At its regular Tuesday meeting, the Edmonds City Council heard a presentation from Snohomish County Executive Dave Somers and two of his staff on their efforts to implement a strategic approach to confronting the growing opioid crisis in our area.
“Opioid abuse has been with us for a long time,” Somers said, “but in the past few years it has become more acute and shows no signs of waning.”
Somers pointed out how our traditional approach to the problem has been piecemeal, with different agencies working different aspects of the issue without a central coordination. He went on to explain how the county is addressing this by applying the methods of emergency response to the opioid crisis through a holistic multi-agency effort.
“Our guiding principles for this effort are collaboration and coordination for the benefit of all of our residents,” said Somers. “We are a community coming together. To facilitate collaboration, I have directed the Snohomish County Department of Emergency Management to partially activate the Emergency Coordination Center to support this effort.”
He then turned the presentation over to the county’s Emergency Management Director Jason Biermann, who provided specifics on how the county is bringing emergency response protocols to bear in addressing the opioid crisis.
“While not a formal declaration of emergency, as typically used during natural disasters, the Executive’s directive opens the door to additional staff resources to facilitate better coordination and communication across multiple jurisdictions, government agencies and service providers,” he explained. “The multiple agencies and governments in Snohomish County involved so far have formed an Opioid Response Multi-agency Coordination (MAC) Group.

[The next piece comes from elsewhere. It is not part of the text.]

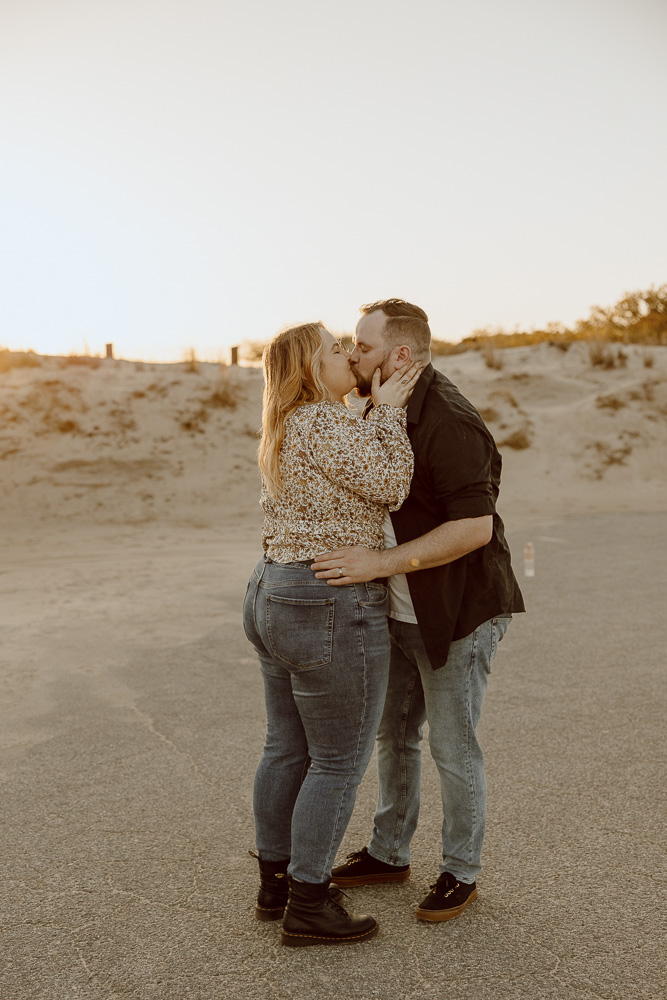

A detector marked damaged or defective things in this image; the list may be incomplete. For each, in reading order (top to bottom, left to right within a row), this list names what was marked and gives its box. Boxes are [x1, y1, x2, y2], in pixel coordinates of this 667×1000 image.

cracked asphalt [0, 512, 664, 996]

“First we’re looking to increase collaboration among all the players through measures including breaking down silos, maximizing and sharing our limited resources, and identifying a common message,” he explained. “Next we apply the same kind of thinking as we do in managing emergencies, utilizing multi-agency and multi-jurisdictional coordination, taking the overall framework from our Comprehensive Emergency Management Plan and utilizing the roles and responsibilities as defined by Emergency Support Functions.”
Biermann was joined by Somers’ Executive Assistant Alessandra Durham, who provided several concrete examples of how the program is being implemented, with agencies coming together to address the problem.
“One major step has been increasing access to Naloxone (a drug that can literally bring an overdose victim back from death’s door) for emergency responders, and even family members,” she explained. “We are also preparing to open a 44-bed conversion facility to provide a place for addicts to live after they leave jail or treatment, as an alternative to returning to their old surroundings where they’re more likely to relapse.”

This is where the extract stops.